*** Supplied data ***

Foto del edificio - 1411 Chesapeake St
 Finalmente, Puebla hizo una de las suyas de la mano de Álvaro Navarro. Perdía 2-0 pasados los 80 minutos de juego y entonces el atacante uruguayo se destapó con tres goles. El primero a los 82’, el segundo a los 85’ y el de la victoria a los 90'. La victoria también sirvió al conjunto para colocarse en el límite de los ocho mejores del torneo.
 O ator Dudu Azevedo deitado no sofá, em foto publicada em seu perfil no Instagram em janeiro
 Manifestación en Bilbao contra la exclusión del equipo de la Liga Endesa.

***

What needs to be done ▸
Your reply needs to reproduce all of the listing exactly.

Written answer ▸
Foto del edificio - 1411 Chesapeake St
 Finalmente, Puebla hizo una de las suyas de la mano de Álvaro Navarro. Perdía 2-0 pasados los 80 minutos de juego y entonces el atacante uruguayo se destapó con tres goles. El primero a los 82’, el segundo a los 85’ y el de la victoria a los 90'. La victoria también sirvió al conjunto para colocarse en el límite de los ocho mejores del torneo.
 O ator Dudu Azevedo deitado no sofá, em foto publicada em seu perfil no Instagram em janeiro
 Manifestación en Bilbao contra la exclusión del equipo de la Liga Endesa.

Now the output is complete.